# Working with glass and bugs



## Overread (Jul 17, 2009)

Well in the past I have (accidentaly I might add) managed to get a very good effect in macro shots of insects on window glass and wanted to try again under more controled conditions to recreate the effect below.







So first things first get a bug and some glass, with those I then placed the glass on a dark black (I wanted blue but didn't have any) surface and then the bug on top of that. Camera was then setup on a tripod and the flash held above the insect between camera and bug, with an angle to that the light is directed at the insect;





http://farm3.static.flickr.com/2496/3729447886_c14fbbdacf_o.jpg

That was the result - the reflection has come out well, though the glass has come out very dark. Further there is a lack of underlighting in the insect. I was hoping for the flash reflection to produce that effect, now however I think the setup needs some changes.

Firstly the lighting needs to come from underneath as well as above - with the above light source being the dominant whislt the under more of a fill light. So that means a second flash and also more diffuse material as a base (dark/blue) so that reflections can still occurs, whilst also giving enough light to the base of the shot to show up the details under the bug


----------



## harrison (Jul 17, 2009)

Very cool effect. The black turned out a nice shade of blue. I have done a few of this just by chance on a window and it makes an interesting effect with a reflection. 
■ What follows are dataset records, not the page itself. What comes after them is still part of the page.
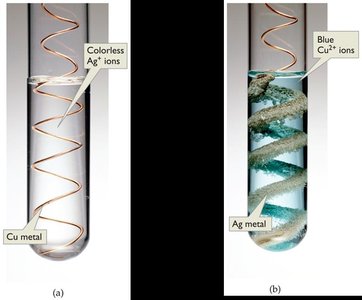 Copper and silver ion exchange in a test tube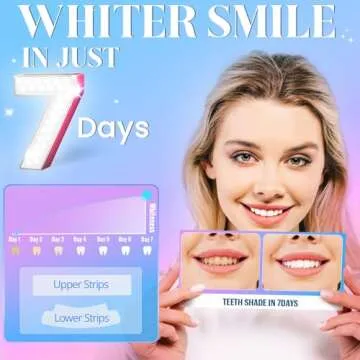Teeth Whitening Strips for Sensitive Teeth - Annecal 28 White Strips Enamel Safe for Whiter Teeth, N...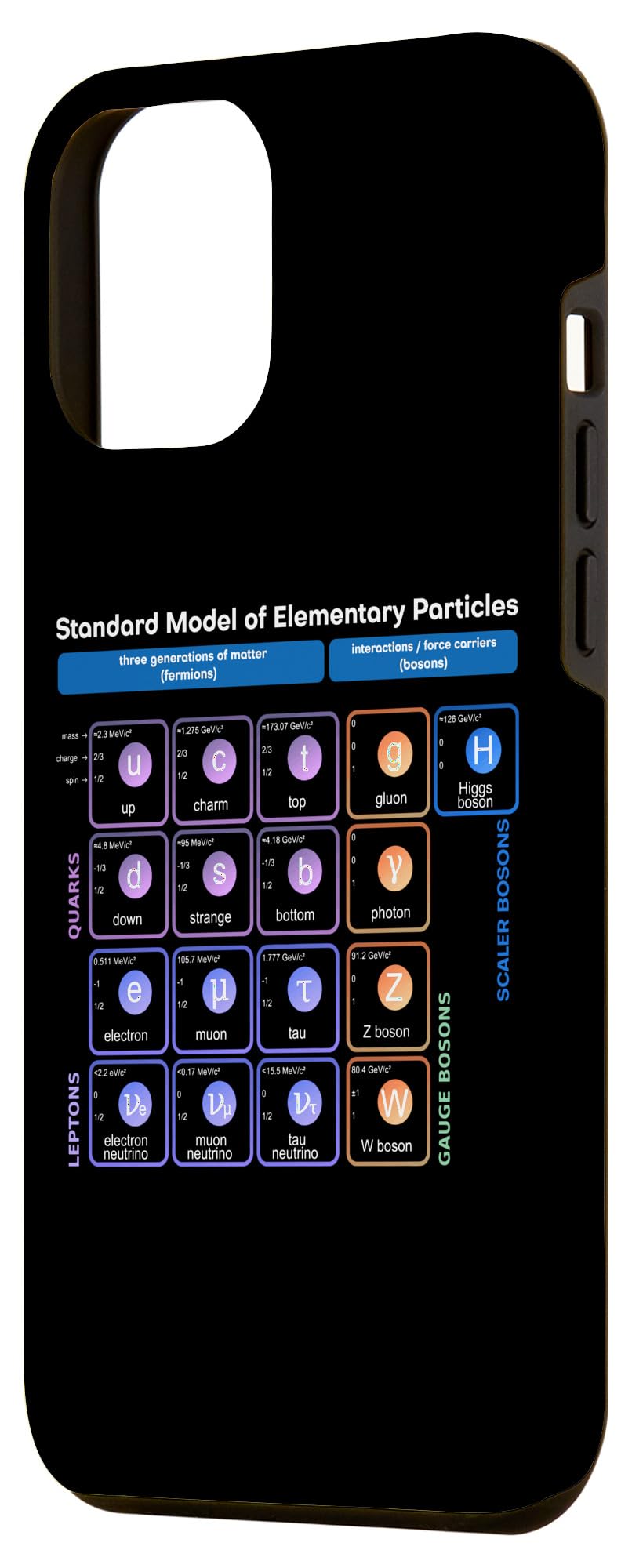 Elementary Particles Standard Model Physicist Women Men Pun Case for iPhone 14 Plus - Image 2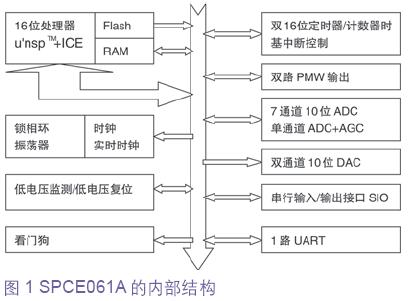 使用凌阳SPCE061A的嵌入式应用系统设计,第2张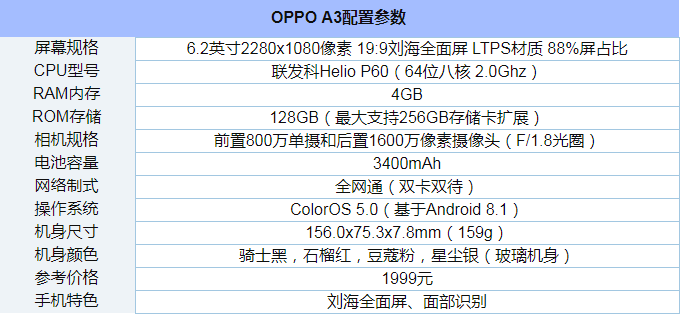 oppoa3配置参数详情（OPPOA3全面评测）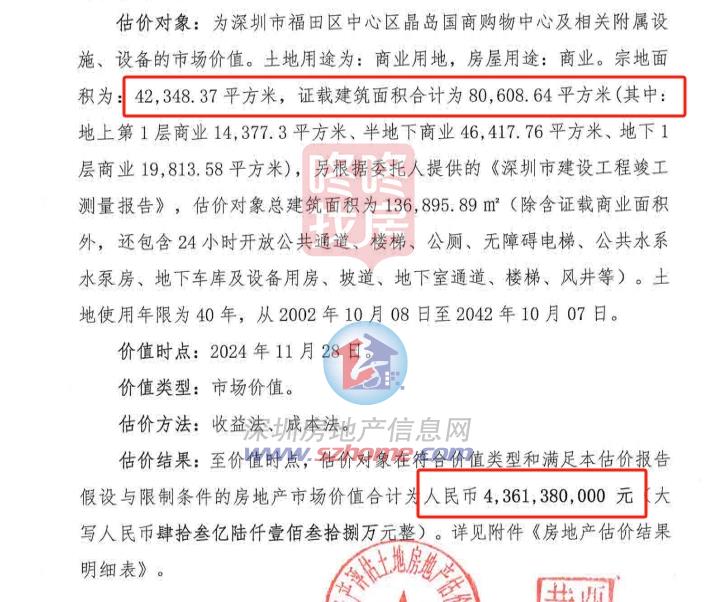 福田中心皇庭广场要拍卖了3053亿起拍！曾多次自救未成功(图3)
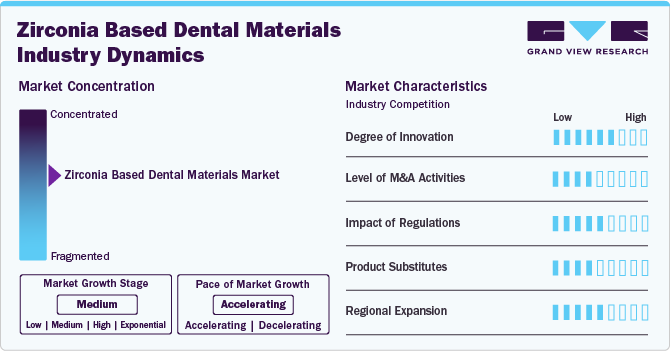 Zirconia Based Dental Materials Industry Dynamics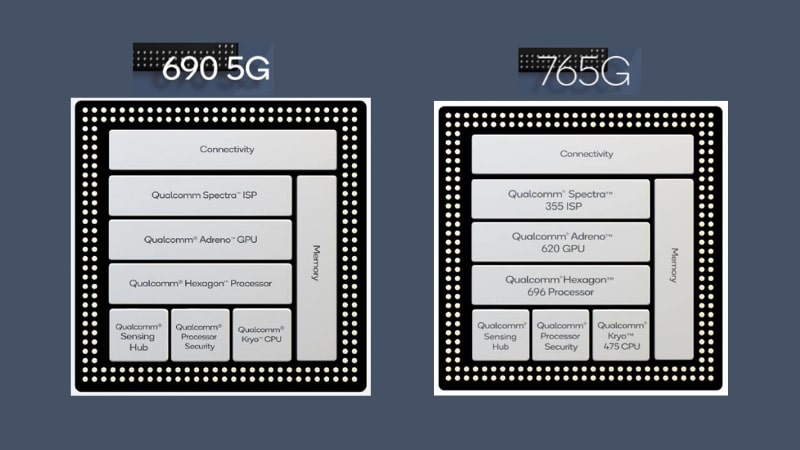 Snapdragon 690 and 765G block diagram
How do you get the bugs to stay still, and in position?


----------



## Overread (Jul 17, 2009)

Yah just to comfirm the first is of the bug on window glass - the light from behind giving that good blue glow and underlighting. 
As for keeping the bug still, in both cases the bugs were suggish - the bee because he was hungry and cold indoors and the moth because he again he was cooler and also it was during the daytime. Finding and taking photos of insects on cool days and early in the morning works best for keeping them stilll - they are sluggish and not warmed up (cold blooded). Some people will put the bugs in a fridge, but I don't agree with that since its very easy to kill them by cooling too much or simply by the sudden temperature drop


----------